Document Type : Research Paper
Ms.C Student of computer engineering, Faculty of Engineering, University of Kurdistan, Sanandaj, Iran
Department of computer engineering, Faculty of Engineering, University of Kurdistan, Sanandaj, Iran
Department of Electrical engineering, Faculty of engineering, University of Kurdistan, Sanandaj, Iran
Today, human action recognition as an important research field is used in different applications and many computer-vision researches have focused on this area to improve recognition accuracy. In this paper, a two-stream method is introduced incorporating a new structure including two spatial features to cover their defects.

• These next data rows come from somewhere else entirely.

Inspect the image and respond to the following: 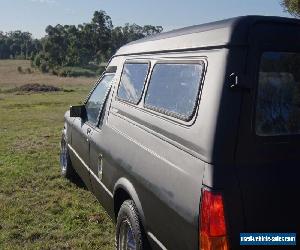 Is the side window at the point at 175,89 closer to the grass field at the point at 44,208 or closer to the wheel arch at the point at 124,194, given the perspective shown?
the wheel arch at the point at 124,194

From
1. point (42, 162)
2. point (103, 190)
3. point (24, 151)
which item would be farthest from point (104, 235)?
point (24, 151)

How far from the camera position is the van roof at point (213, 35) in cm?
252

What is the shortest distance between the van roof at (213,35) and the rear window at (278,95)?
19cm

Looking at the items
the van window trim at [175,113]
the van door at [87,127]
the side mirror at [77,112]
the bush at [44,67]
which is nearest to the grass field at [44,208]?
the van door at [87,127]

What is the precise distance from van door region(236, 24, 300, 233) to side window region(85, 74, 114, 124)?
8.38 feet

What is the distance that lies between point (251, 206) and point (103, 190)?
225 cm

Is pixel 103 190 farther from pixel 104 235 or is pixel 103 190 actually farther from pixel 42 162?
pixel 42 162

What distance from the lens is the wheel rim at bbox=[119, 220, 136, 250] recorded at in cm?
361

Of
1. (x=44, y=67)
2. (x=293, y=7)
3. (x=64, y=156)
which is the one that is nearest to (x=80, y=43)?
(x=44, y=67)

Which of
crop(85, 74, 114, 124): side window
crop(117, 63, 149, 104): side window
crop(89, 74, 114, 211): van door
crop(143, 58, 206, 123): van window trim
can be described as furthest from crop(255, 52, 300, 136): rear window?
crop(85, 74, 114, 124): side window

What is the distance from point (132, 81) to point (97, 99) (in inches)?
44.3

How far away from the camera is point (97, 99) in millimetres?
5289

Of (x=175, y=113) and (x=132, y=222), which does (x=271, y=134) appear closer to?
(x=175, y=113)

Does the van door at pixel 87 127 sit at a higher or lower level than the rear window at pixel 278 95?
lower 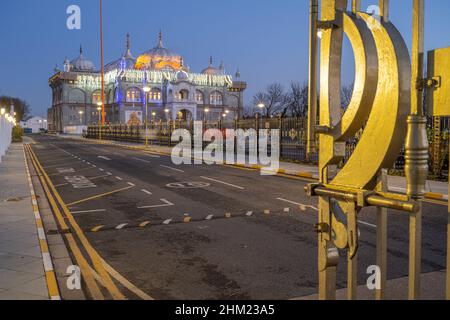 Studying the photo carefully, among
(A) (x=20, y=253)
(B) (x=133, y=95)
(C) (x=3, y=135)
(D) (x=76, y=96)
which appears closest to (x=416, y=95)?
(A) (x=20, y=253)

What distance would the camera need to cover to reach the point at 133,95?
11100 cm

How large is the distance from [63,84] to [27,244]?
405 ft

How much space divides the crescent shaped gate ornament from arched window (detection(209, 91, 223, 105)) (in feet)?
405

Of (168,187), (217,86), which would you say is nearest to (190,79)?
(217,86)

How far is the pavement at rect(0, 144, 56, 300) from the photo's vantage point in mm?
5592

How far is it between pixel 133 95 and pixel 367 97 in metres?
111

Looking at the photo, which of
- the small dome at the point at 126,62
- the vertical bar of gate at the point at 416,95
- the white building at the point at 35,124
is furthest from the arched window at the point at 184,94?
the vertical bar of gate at the point at 416,95

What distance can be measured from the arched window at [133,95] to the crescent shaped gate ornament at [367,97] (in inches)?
4355

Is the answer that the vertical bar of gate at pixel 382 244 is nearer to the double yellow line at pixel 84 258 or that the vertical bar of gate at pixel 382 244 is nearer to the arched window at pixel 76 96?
the double yellow line at pixel 84 258

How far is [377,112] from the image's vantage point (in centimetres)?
294

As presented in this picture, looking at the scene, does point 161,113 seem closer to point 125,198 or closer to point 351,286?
point 125,198

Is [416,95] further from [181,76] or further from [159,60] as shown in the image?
[159,60]

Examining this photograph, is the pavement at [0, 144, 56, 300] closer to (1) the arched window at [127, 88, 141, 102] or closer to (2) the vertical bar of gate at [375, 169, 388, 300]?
(2) the vertical bar of gate at [375, 169, 388, 300]

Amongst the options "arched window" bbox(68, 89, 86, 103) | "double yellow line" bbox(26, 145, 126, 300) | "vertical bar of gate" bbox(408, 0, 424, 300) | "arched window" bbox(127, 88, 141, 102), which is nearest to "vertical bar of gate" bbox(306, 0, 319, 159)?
"vertical bar of gate" bbox(408, 0, 424, 300) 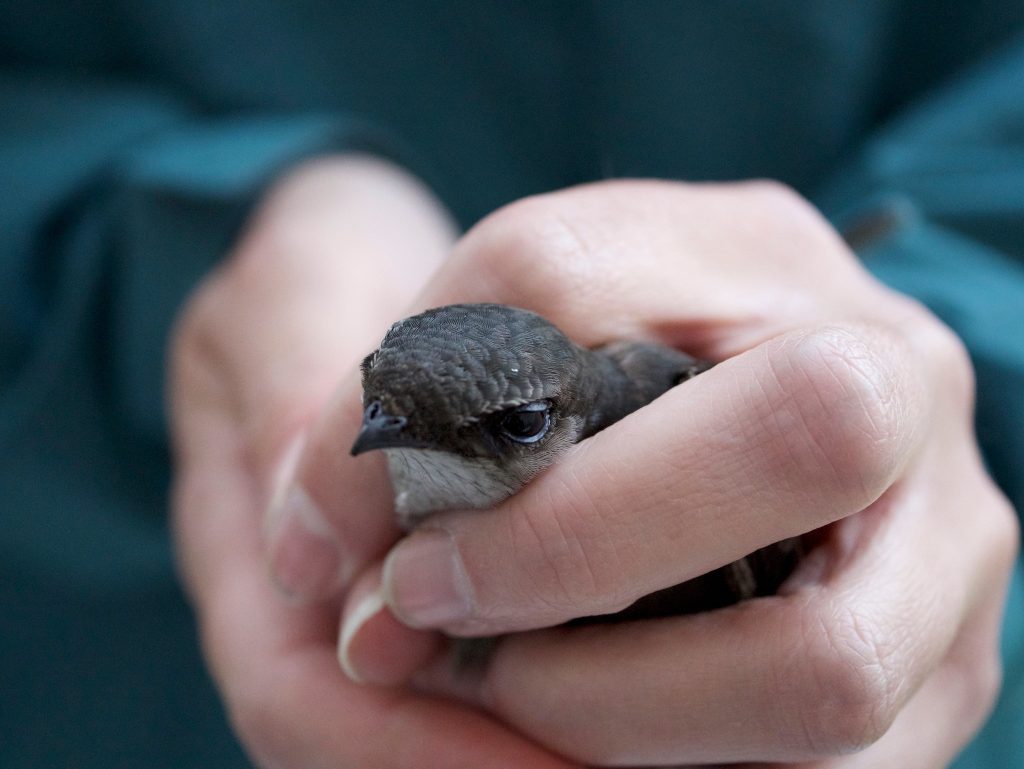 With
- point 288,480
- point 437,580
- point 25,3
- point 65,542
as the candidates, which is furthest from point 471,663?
point 25,3

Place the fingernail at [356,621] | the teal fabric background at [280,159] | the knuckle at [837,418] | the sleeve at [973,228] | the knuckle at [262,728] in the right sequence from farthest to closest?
1. the teal fabric background at [280,159]
2. the sleeve at [973,228]
3. the knuckle at [262,728]
4. the fingernail at [356,621]
5. the knuckle at [837,418]

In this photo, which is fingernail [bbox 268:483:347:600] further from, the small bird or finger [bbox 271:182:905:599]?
the small bird

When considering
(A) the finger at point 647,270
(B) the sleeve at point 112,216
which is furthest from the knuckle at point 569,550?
(B) the sleeve at point 112,216

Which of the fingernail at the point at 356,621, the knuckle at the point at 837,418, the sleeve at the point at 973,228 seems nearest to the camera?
the knuckle at the point at 837,418

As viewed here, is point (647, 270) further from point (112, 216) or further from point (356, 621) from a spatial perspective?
point (112, 216)

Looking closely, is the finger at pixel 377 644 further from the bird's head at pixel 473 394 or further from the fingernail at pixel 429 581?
the bird's head at pixel 473 394

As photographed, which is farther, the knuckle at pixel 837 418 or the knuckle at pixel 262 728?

Utilizing this structure leads to better performance finally. In the first stream, wavelet coefficients of key-frames with proper multi-resolution are extracted, and deep features of these key-frames are also extracted to be used in the other stream. The features in each stream are gathered in a spatial feature map. The temporal changes in both streams are learnt using a new deep network and the classification information of these streams are combined to achieve an accurate action label. The proposed method is examined on three challenging datasets as UCFYT, UCF-sport, and JHMDB with real videos which its accuracy on these datasets is 98.7, 99.83, and 92.86, respectively. The proposed method has about 4.6 percent better performance rather than the best previously introduced method on average.